LLMs like GPT-4 have excellent performance on a wide range of tasks, including generating code. However, their knowledge of APIs is "frozen" at training time, so that they cannot generate code to call newer APIs. Further, they often hallucinate---in the case of code generation, they might output a call to an API that does not exist. InfoQ has covered several recent efforts to address these issues; for example, Meta's Toolformer which can invoke external service APIS, and ChatGPT's plugin system that augments the LLM with external resources.

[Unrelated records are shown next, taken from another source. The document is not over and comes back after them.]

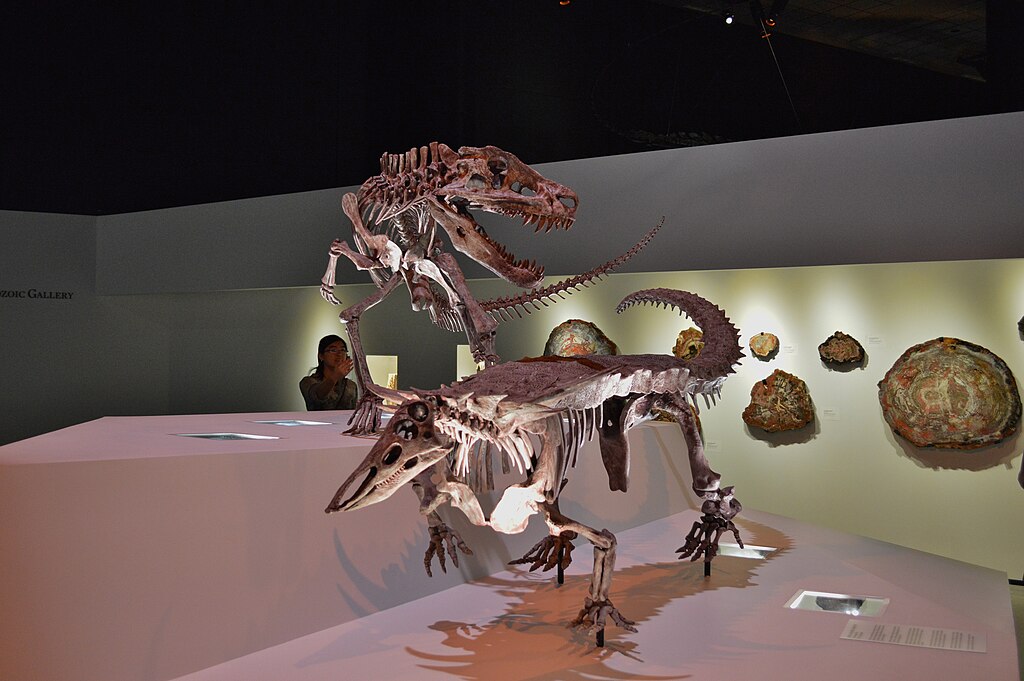 Fossil Exhibit at Houston Museum of Natural Science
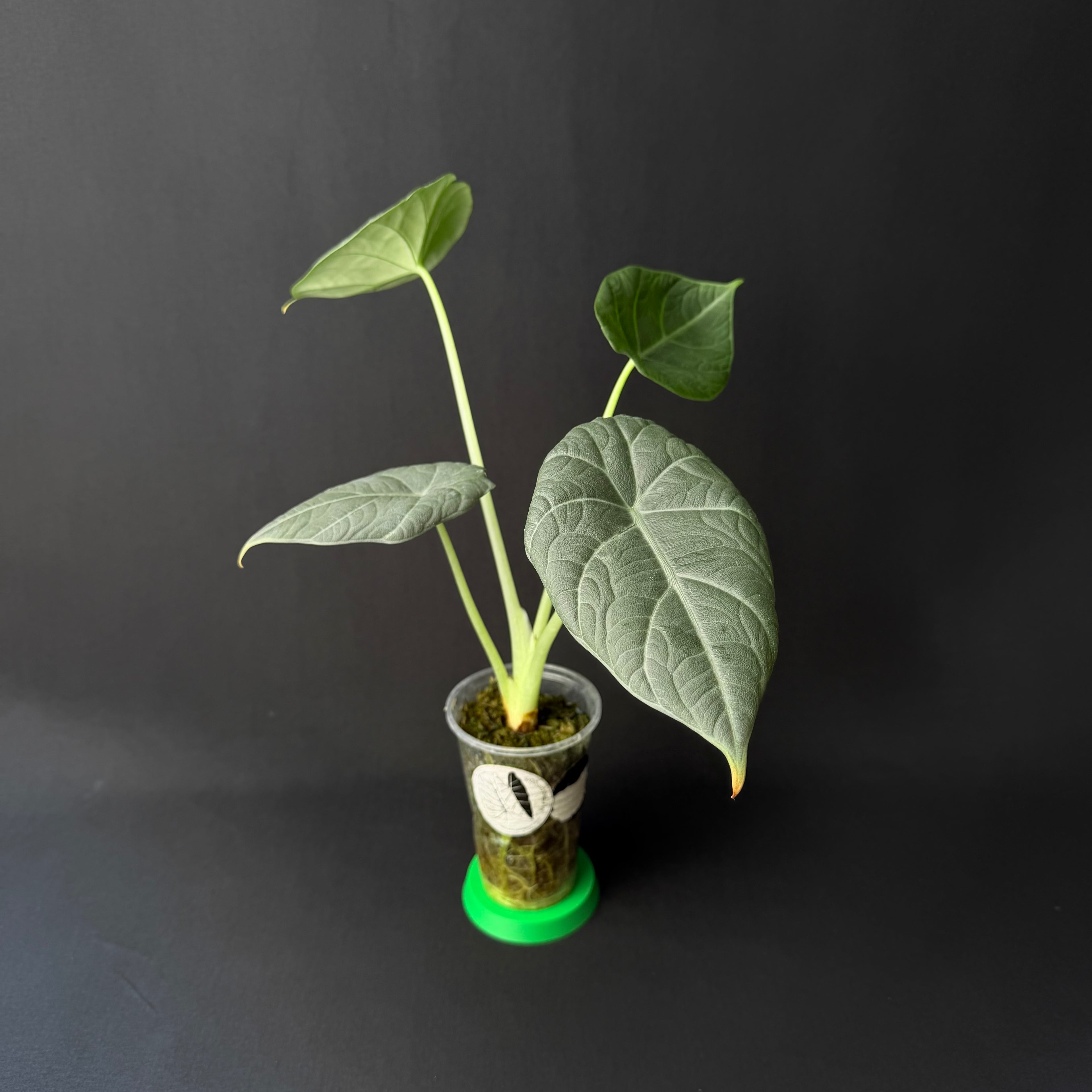 Alocasia Maharani #1-7
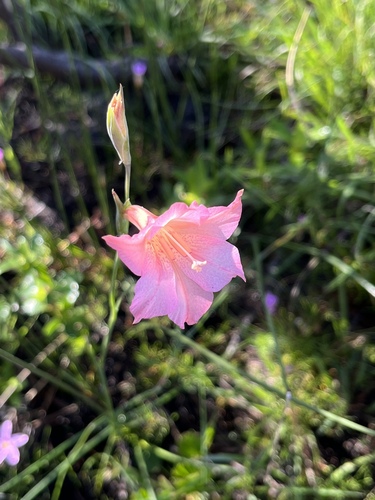 Image of Gladiolus meridionalis by (c) Charleen Brunke, some rights reserved (CC BY)
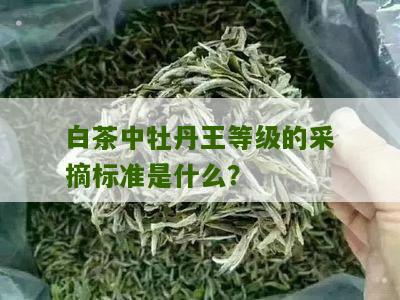 白茶中牡丹王等级的采摘标准是什么？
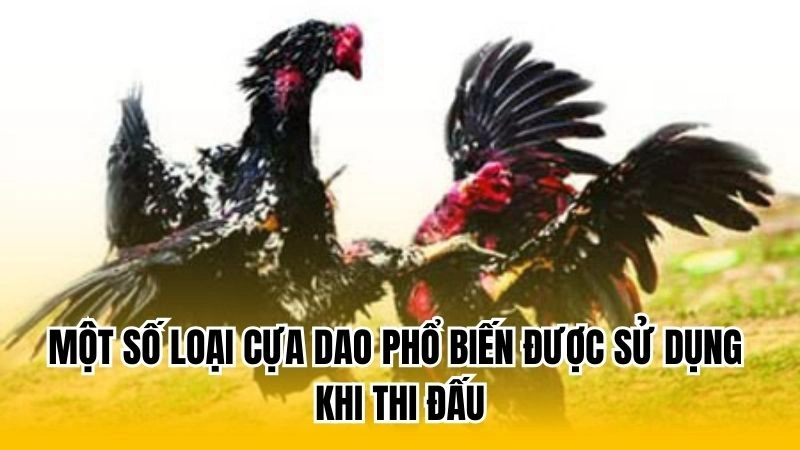 Một số loại cựa dao phổ biến được sử dụng khi thi đấu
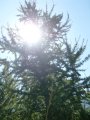 picture thumbnail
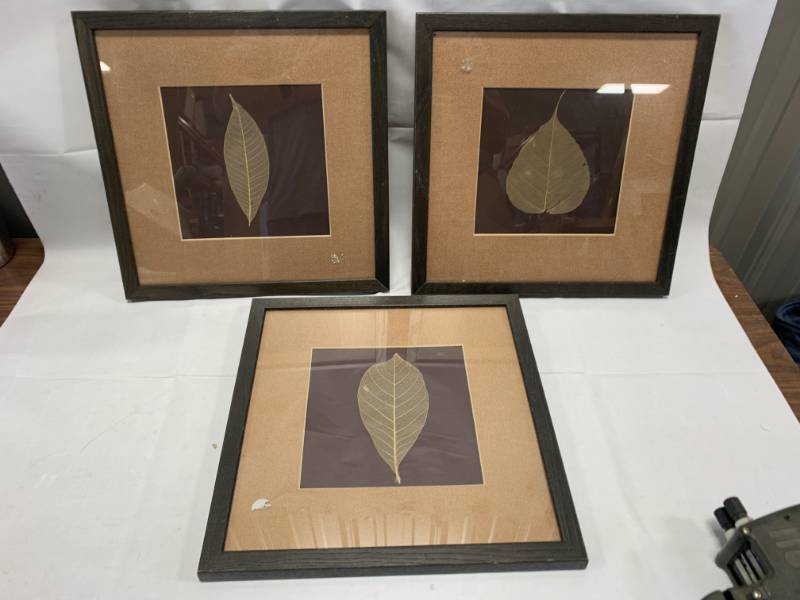 lot 39 image: Lot of 3 Bed, Bath, and Beyond Nature Framed Art 13 x 13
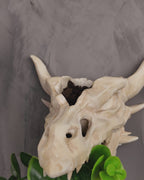 Drip & Decay - Planter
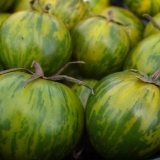 Kutija od malahita rajčice: karakteristike i opis sorte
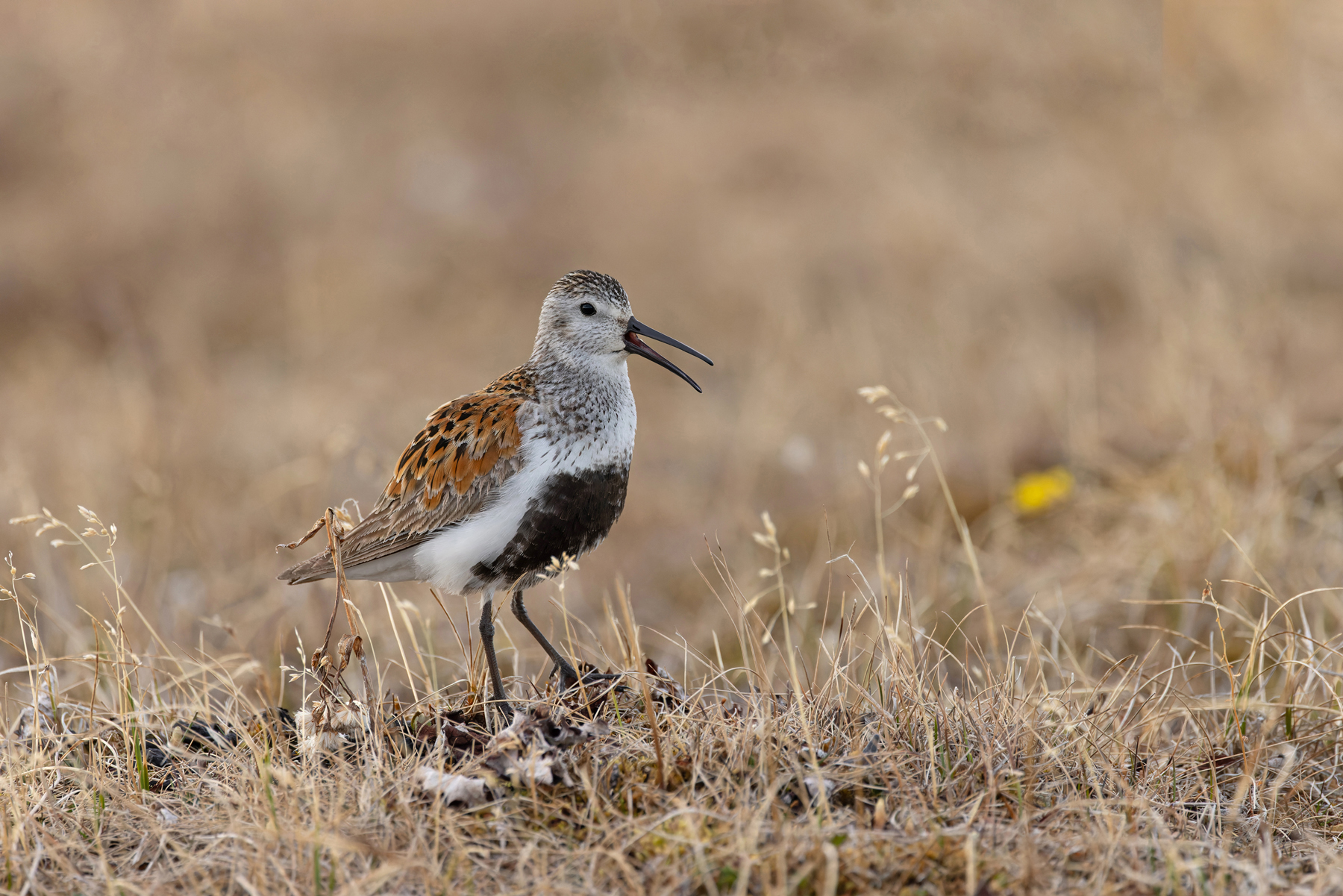 Alaska Bird Photography Tour - Wild Images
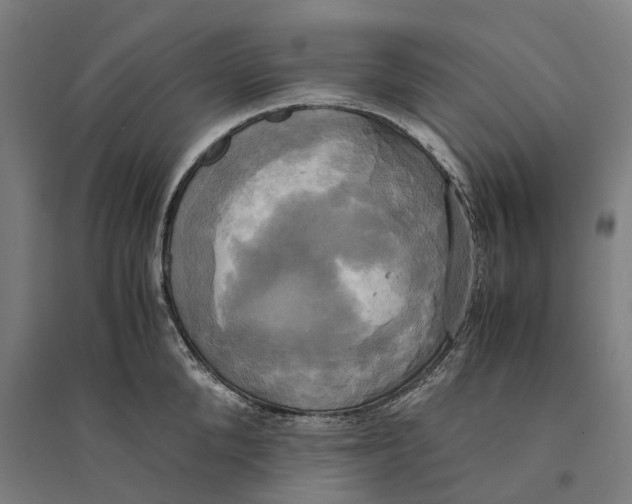 X0000094370904200711301445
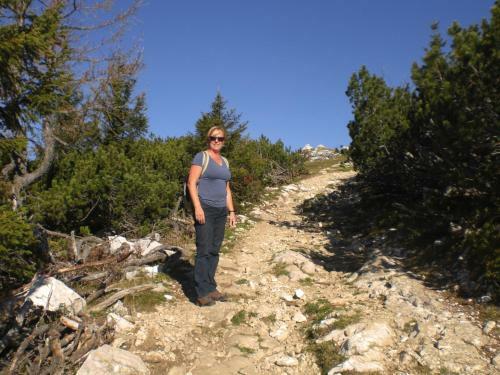 Hostal Gasthof Pension Lamprecht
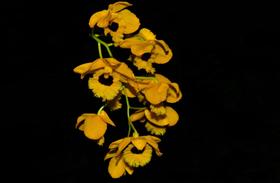 Orquídea Dendrobium fimbriatum variação oculatum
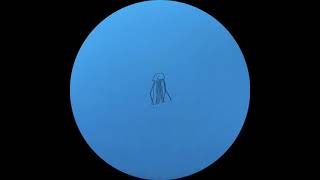 [PREMIERE] Disappear - Eversines | Nous'Klaer Audio [2021]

The Berkeley team points out, however, that these approaches are based on prompting the LLM with examples of API calls. By contrast, the Gorilla approach focuses on "systematic evaluation and building a pipeline for future use." The researchers began by assembling the APIBench dataset. The team first collected all the model cards from the HuggingFace model hub, PyTorch hub, and TensorFlow hub. After filtering, this produced a collection of 1,645 API calls. For each of those, the researchers used GPT-4 to generate a dataset of instruction-api pairs for fine-tuning Gorilla.

A major challenge in evaluating Gorilla's output was to identify hallucinations. First, the team defined a hallucination as any model output that calls an API not in the model's external database of API definitions. This is contrasted with an error, which is an output that simply calls a "real" API incorrectly. The team used the abstract syntax tree (AST) of the generated code to match with APIs in the database and test set for evaluation purposes. Using this AST accuracy metric on zero-shot tasks, Gorilla performed 20.43% better than GPT-4.

Gorilla's lead author Shishir Patil joined a Hacker News discussion about the work, answering several questions. When asked whether the model's license allowed commercial use, Patil pointed out that there are three versions of Gorilla. The one based on LLaMA is not licensed for commercial use, but the ones based on MPT-7 base and Falcon-7B are. Another user asked how Gorilla compared to LangChain; Patil replied:

Langchain is a terrific project that tries to teach agents how to use tools using prompting. Our take on this is that prompting is not scalable if you want to pick between 1000s of APIs. So Gorilla is a LLM that can pick and write the semantically and syntactically correct API for you to call! A drop in replacement into Langchain!

The Gorilla code and model files are available on GitHub. There is also a Google Colab notebook demo of the model.